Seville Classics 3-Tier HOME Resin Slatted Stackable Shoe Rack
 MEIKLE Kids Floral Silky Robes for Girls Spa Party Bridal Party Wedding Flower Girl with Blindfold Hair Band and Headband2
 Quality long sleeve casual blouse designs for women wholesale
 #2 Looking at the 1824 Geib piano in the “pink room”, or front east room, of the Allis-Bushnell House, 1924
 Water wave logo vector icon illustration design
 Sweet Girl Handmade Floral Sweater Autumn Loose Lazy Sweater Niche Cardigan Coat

--

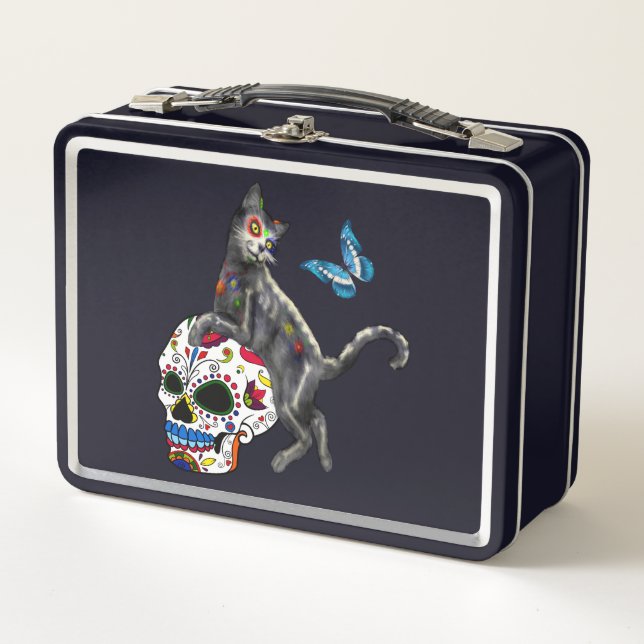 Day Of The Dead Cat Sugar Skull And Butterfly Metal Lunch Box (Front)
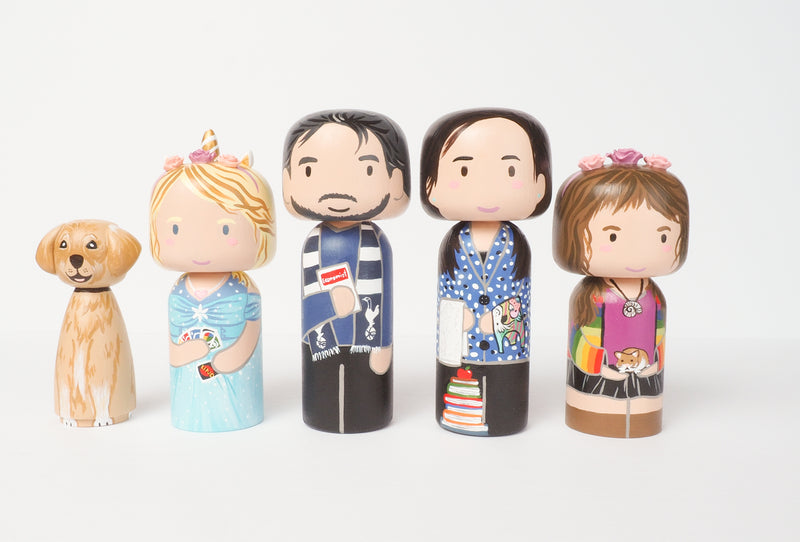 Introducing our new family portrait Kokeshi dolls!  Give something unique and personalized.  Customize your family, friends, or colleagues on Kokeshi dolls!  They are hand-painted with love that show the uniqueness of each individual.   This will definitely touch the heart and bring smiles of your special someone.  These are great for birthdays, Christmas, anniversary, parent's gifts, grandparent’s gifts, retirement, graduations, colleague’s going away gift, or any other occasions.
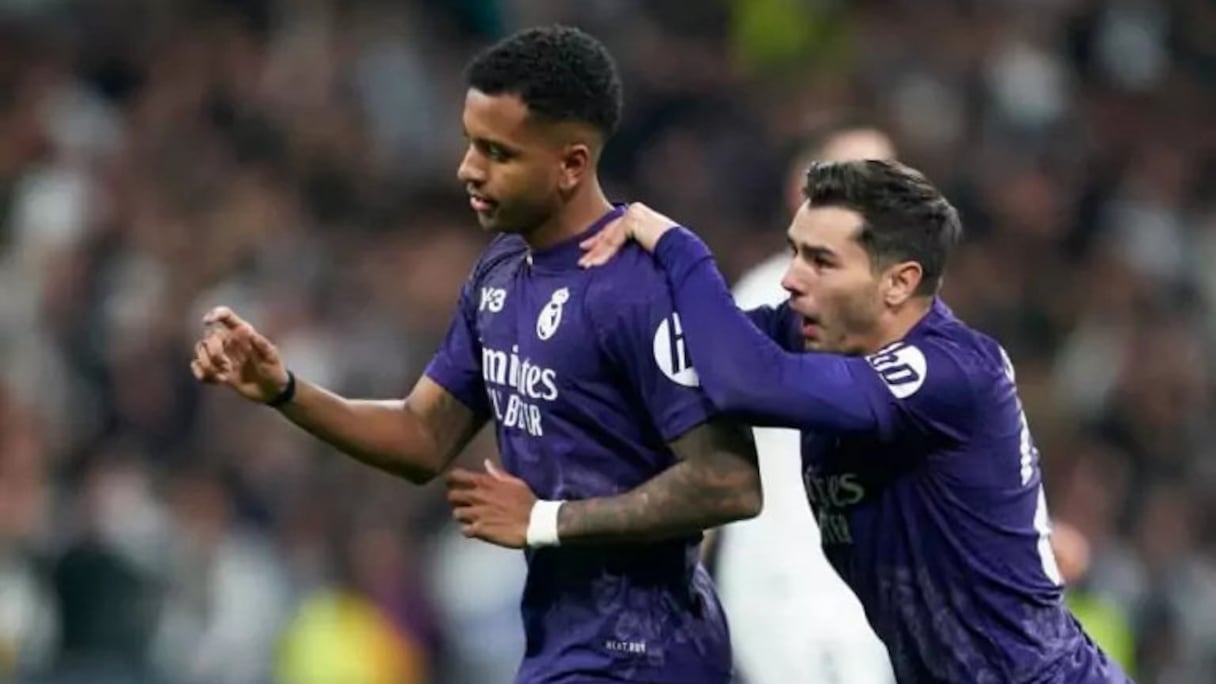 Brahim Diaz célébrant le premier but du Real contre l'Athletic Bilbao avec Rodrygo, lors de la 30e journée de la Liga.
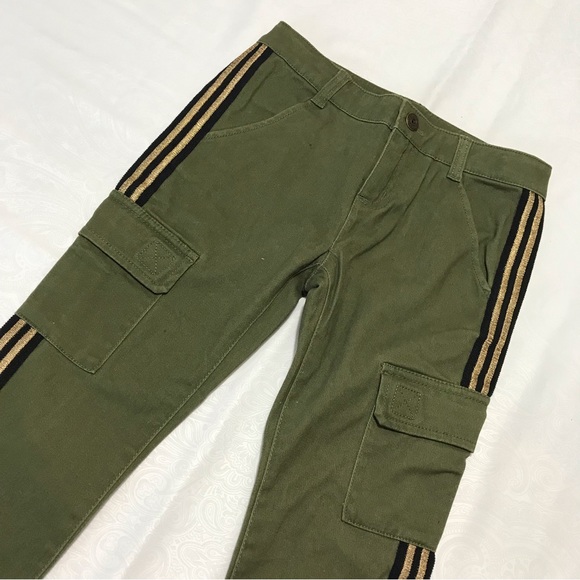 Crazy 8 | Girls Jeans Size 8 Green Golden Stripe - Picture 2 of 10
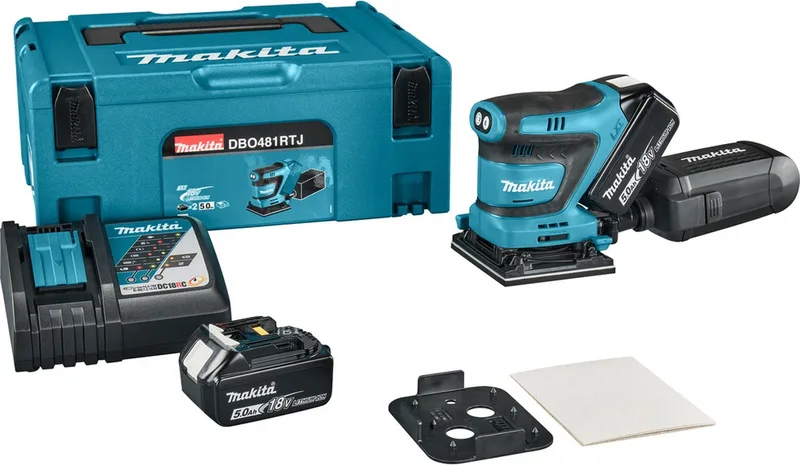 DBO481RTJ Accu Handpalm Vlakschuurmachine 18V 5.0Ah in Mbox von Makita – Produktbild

==

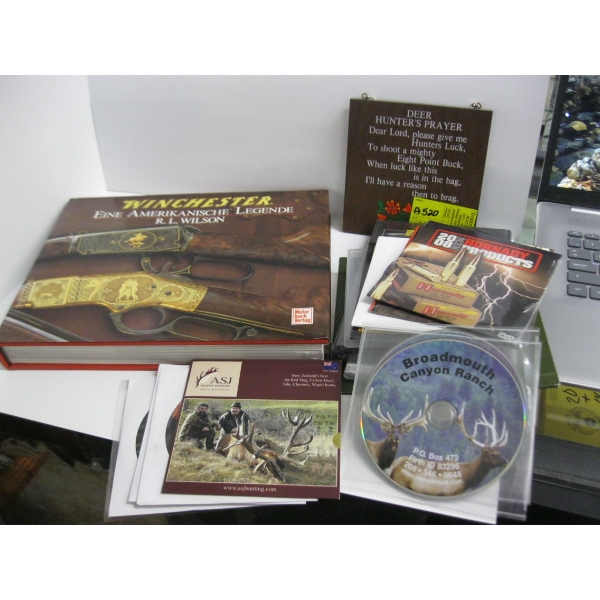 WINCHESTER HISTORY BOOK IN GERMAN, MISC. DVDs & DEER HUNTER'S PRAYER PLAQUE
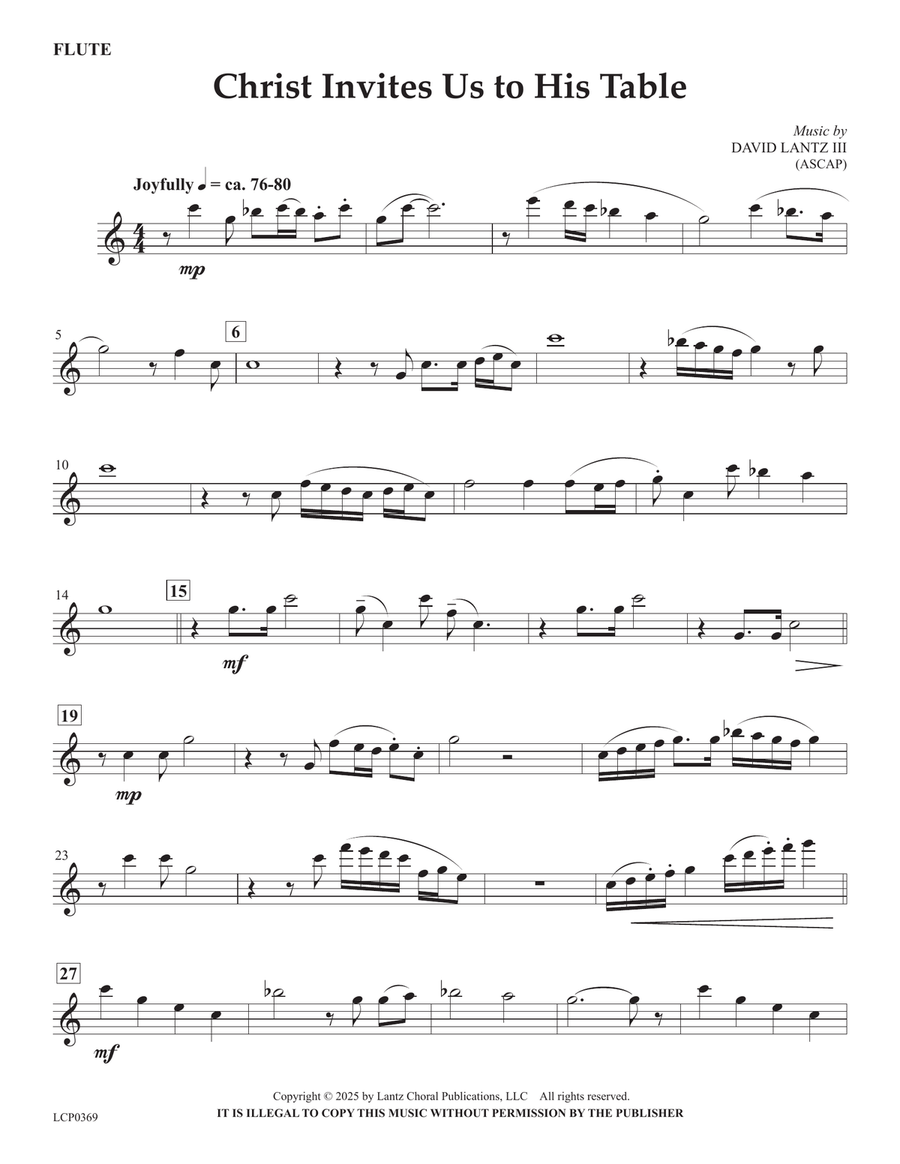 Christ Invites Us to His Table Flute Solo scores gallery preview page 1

Work to be completed -> Where the line holding "Seville Classics 3-Tier" appears in the listing above, start reproducing exactly, and end with the line holding "Sweet Girl Handmade".

Response area ->
Seville Classics 3-Tier HOME Resin Slatted Stackable Shoe Rack
 MEIKLE Kids Floral Silky Robes for Girls Spa Party Bridal Party Wedding Flower Girl with Blindfold Hair Band and Headband2
 Quality long sleeve casual blouse designs for women wholesale
 #2 Looking at the 1824 Geib piano in the “pink room”, or front east room, of the Allis-Bushnell House, 1924
 Water wave logo vector icon illustration design
 Sweet Girl Handmade Floral Sweater Autumn Loose Lazy Sweater Niche Cardigan Coat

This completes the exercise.